Brief History of Kiwanis International
"We Build" Kiwanis was founded in Detroit, Michigan on Jan. 21, 1915. On Nov. 1916, the first Canadian Club was organized in Hamilton, Ontario. The same year, the name "Kiwanis Club was adopted at a meeting in Cleveland, Ohio. The name Kiwanis is a coined word taken from the language of an American Indian tribe which lived in the area where Kiwanis was founded. The original phrase was "Nunc Keewanis." It means "self expression," or "to make oneself known." It was shortened and modified to become "Kiwanis. "Kiwanis grew simultaneously in the U.S. and Canada for almost half a century before the decision was made in 1961 to expand into other nations of the world. Clubs were formed in 1962 in Mexico and the Bahamas. Since then, Kiwanis has extended into the continents of Africa, Asia, Australia, Europe, South America, and lands between. Additional nations continue to join the Kiwanis International family as clubs are organized each year on a worldwide basis.
Kiwanis is a worldwide service organization appealing to those who have the desire to become personally involved in making their communities better places in which to live. As a group, we achieve what individuals cannot do alone. Working together, Kiwanians voluntarily share the challenge of the community improvement and leadership assuming personal responsibility for humanitarian and civic projects that public authorities are not prepared to or able to perform. These projects are predominantly local in nature. They include such activities as assistance to youth and the aging, conservation of natural resources, development of community facilities and creation of international understanding and goodwill. Whatever their goals may be, Kiwanians are motivated by a common desire to serve, and to achieve an appreciation of good fellowship.

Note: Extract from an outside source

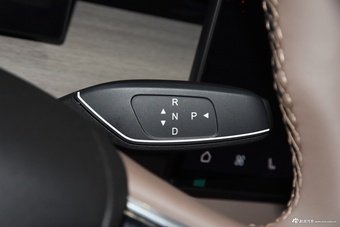 2025款瑞虎8 PLUS C-DM 1.5T 116KM尊贵型 5座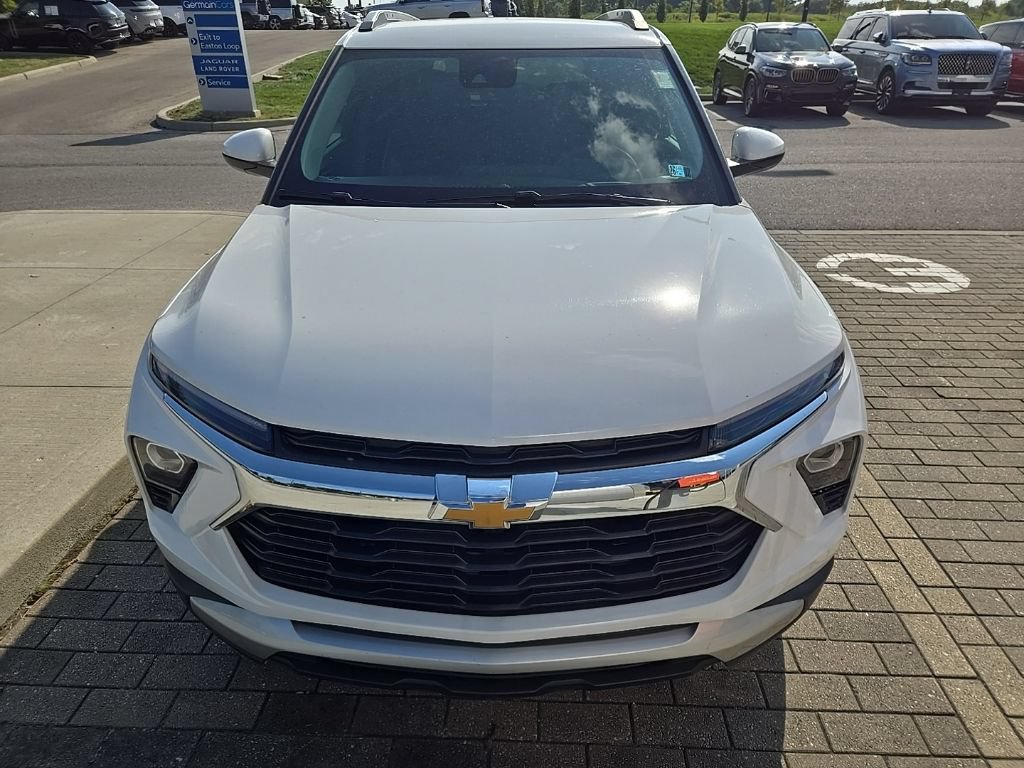 Used 2026 Chevrolet TrailBlazer LT AWD/4WD image 2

The heart of Kiwanis is the club itself. Each club is composed of people in a wide variety of occupations, representing the active forces of the community. Each Kiwanis Club has officers and directors as prescribed by the bylaws of the club. These officers and directors compromise the Board of Directors, the administration body of the club. Clubs perform their community service work and their internal administration through standing committees. Each member is assigned to one or more of these, depending upon his particular desires and aptitudes. All Kiwanis clubs are organized according to a standard basic plan. Each club has great freedom in developing its own service projects, fund raising activities, meeting procedures, customs, and character. Each club, through its own imagination and growth, lends flavor and excitement to the entire Kiwanis to its own nation and aptitudes.